Saturday, August 29, 2009
Samuel Tilden and the 1876 race for president
This originally appeared in the Hudson Register-Star Aug.29, 2009.
NEW LEBANON — Samuel Tilden couldn’t believe it. He had beaten Rutherford Hayes fair and square by more than 250,000 votes, but now it was all slipping through his fingers.
Down South they were still fighting it out over the remaining 19 electoral votes. Tilden had secured 184; one shy of a guaranteed win, but Hayes only had 165.
The 20th electoral vote was from Oregon, was first deemed illegal, but eventually went to Hayes.
Democrats and Republicans had poured down to Louisiana, South Carolina and Florida to ensure that their candidate would get a fair shake, but the news that floated back north was of voting fraud from Republicans and the intimidation of African American voters by the Democrats.
Eventually these three states sent two different electoral votes to Congress, one indicating a win for Tilden, the other for Hayes.
In late January, with the inauguration date inching closer, Congress passed a law forming a 15-member Electoral Commission to pick a winner. Five Republicans and five Democrats were on the board with one neutral party, Supreme Court Justice David Davis, who later bowed out and was replaced by a Republican. Two days before the inauguration the committee gave all the disputed votes to Hayes.
The decision may have been due to a concerted effort at finding the truth or, more likely, to a back-room deal, now termed the “compromise of 1877.”

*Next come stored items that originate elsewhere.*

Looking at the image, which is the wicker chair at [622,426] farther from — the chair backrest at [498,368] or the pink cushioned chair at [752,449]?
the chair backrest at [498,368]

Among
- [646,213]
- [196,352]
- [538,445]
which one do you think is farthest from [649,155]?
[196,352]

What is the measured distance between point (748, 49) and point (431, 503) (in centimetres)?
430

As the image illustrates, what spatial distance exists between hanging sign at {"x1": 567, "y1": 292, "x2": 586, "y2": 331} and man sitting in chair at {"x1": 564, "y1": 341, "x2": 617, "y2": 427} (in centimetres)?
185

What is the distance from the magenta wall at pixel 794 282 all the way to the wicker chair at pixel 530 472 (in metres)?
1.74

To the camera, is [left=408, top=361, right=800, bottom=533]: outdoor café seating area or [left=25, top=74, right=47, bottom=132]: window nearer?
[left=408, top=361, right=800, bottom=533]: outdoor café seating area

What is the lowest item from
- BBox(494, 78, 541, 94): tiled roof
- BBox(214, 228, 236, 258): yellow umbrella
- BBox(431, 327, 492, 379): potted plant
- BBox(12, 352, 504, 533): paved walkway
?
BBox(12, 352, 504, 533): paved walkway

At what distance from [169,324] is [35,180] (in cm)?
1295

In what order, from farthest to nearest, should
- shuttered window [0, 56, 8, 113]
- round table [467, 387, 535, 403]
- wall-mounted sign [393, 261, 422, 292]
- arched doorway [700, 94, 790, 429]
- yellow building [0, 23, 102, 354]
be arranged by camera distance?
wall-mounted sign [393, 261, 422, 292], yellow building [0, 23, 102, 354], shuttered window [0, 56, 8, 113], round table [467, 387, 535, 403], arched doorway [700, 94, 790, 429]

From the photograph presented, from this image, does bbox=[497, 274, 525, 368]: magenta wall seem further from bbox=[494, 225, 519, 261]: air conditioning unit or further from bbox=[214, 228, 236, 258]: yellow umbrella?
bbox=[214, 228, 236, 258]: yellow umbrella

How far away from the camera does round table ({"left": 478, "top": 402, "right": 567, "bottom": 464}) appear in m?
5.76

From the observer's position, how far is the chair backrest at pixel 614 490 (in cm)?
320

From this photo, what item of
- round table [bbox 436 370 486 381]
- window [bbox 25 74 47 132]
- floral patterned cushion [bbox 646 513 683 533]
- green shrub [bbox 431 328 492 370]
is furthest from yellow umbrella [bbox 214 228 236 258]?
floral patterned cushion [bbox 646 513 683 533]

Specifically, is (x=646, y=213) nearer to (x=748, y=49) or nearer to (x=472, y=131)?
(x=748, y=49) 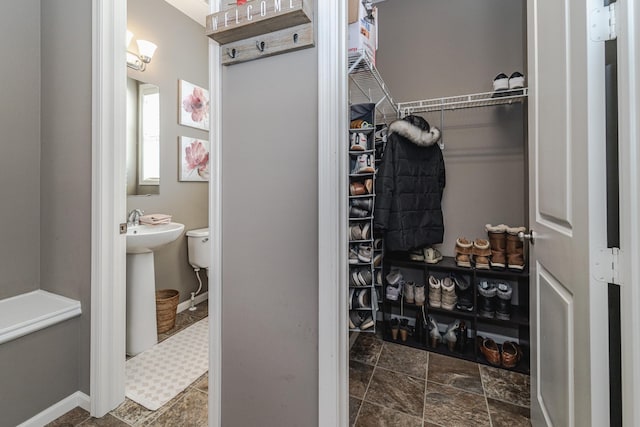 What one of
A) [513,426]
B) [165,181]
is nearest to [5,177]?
[165,181]

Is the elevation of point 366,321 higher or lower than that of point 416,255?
lower

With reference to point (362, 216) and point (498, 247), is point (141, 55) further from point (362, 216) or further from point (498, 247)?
point (498, 247)

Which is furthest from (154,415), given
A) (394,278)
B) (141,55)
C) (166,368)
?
(141,55)

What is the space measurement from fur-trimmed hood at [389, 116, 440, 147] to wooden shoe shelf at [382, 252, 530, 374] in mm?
860

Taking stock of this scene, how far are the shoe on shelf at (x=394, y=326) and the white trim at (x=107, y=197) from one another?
68.4 inches

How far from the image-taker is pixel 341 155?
2.90 feet

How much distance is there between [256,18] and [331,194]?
0.61 metres

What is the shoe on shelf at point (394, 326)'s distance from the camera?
213 centimetres

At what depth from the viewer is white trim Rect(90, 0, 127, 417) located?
1.36 m

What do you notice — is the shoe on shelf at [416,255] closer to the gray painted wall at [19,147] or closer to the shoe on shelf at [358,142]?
the shoe on shelf at [358,142]

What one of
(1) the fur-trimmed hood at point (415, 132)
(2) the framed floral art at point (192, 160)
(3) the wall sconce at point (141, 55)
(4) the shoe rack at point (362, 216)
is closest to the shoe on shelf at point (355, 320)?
(4) the shoe rack at point (362, 216)

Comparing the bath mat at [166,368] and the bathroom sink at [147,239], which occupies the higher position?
the bathroom sink at [147,239]

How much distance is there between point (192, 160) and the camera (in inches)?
105

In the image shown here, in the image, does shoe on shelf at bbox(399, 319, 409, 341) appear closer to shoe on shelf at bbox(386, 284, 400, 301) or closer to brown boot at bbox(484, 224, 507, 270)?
shoe on shelf at bbox(386, 284, 400, 301)
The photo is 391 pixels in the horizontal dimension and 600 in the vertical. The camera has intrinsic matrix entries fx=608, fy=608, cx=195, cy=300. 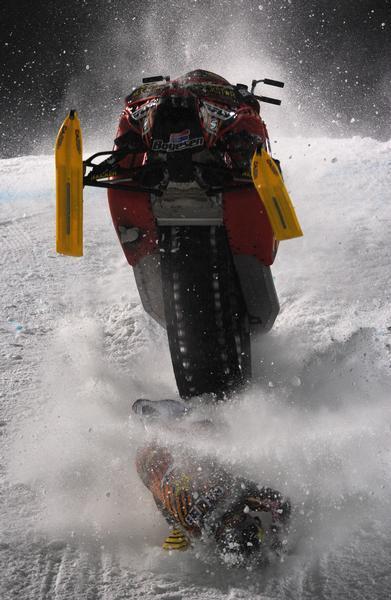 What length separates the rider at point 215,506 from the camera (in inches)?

The deal between Republicans and Southern Democrats put Hayes in the White House and helped end Reconstruction by withdrawing federal troops from the South. With that the new Republican state governments were voted out and African Americans were quickly disenfranchised.

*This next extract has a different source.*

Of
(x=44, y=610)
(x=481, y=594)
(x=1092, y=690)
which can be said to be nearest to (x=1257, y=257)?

According to the Brooklyn Daily Eagle in a contemporary editorial, Tilden hadn’t been a party to the compromise.
Thomas Hendricks, who was Tilden’s running mate, would eventually attain the position of vice president in 1884 under President Grover Cleveland and would die in office the next year.

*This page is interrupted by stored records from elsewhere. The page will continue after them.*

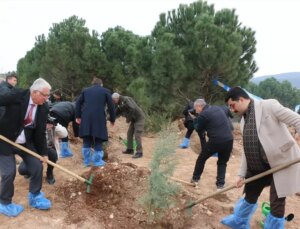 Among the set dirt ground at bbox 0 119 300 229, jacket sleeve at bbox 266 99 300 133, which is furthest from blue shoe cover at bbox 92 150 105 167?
jacket sleeve at bbox 266 99 300 133

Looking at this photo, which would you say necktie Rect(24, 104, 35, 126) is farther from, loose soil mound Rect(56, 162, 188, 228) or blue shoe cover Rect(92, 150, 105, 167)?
blue shoe cover Rect(92, 150, 105, 167)

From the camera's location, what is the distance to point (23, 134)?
13.0 ft

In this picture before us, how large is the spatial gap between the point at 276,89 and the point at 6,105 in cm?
5222

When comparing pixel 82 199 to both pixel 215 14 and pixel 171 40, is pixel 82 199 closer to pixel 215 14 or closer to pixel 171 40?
pixel 171 40

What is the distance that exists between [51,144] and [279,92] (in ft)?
167

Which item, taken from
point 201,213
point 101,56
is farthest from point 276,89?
point 201,213

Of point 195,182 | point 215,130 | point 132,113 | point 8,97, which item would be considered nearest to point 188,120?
point 132,113

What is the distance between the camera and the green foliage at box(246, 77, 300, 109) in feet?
167

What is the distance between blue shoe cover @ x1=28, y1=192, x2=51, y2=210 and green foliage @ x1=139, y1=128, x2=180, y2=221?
45.2 inches

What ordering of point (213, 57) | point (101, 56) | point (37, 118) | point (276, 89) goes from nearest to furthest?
1. point (37, 118)
2. point (213, 57)
3. point (101, 56)
4. point (276, 89)

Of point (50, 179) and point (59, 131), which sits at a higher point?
point (59, 131)

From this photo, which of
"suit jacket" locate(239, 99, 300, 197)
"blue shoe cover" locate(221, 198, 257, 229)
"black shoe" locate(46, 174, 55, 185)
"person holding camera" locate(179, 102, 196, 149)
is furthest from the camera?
"person holding camera" locate(179, 102, 196, 149)

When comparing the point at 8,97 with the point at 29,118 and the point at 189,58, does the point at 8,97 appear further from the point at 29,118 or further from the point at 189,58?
the point at 189,58

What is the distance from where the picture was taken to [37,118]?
12.8ft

Hayes, who only served one term as president, hadn’t been his party’s first choice for the job, but was elected as a compromise to James G. Blaine, who they believed couldn’t win the general election.
Tilden, on the other hand, had won the Democratic nomination handily and did so on a reform ticket based on his dealings with New York City’s Tweed gang of Tammany Hall. But the truth was far from being black and white.
William “Boss” Tweed and his cohorts had been bilking the public for years, managing to steal between $30 million and $200 million in six years, by some estimates.
As the Democratic chairman of the New York state, Tilden was slow to act against them, taking five years to do so. It took Tweed’s former allies—including the boxing champion turned politician John Morrissey—a number of reform-minded newspaper editors, like Horace Greeley of the New York Tribune and a cartoonist named Thomas Nast to push Tilden to act.
In a New York Times editorial from 1870, Tilden is decried as a “fugleman” or wing-man “for Tweed” at a Democratic convention filled with “city thieves and bullies.”
In 1871, Tilden finally acted and began the process that would eventually send Tweed to prison, breaking him both financially and physically.
The governorship of New York came after that in 1875 and the Democratic nomination for president a year later.
Tilden was born in New Lebanon in 1814 to Elam Tilden and Polly Younglove Jones. The elder Tilden had come from Connecticut with his family when he was young and would eventually make his fortune with a pharmaceutical company based in his hometown.
Tilden graduated from New York University Law School in 1841 and became a corporate lawyer who represented nearly every major railroad at the time.
Following his loss on the national stage, Tilden retired from politics, turning down the 1880 run at the White House, due, he said, to ill health.
He lived in New York City at 15 Gramercy Park South in a house remodeled by Calvert Vaux, Frederick Law Olmsted’s collaborator on Central Park.
When he died in 1886, he bequeathed $4 million for a free public library and reading-room in New York City. This was combined with the Astor and Lenox libraries to found the New York Public Library.
He was buried in New Lebanon. And on his grave, written, one would guess, in regard to the 1876 election, are the words “I Still Trust in The People”.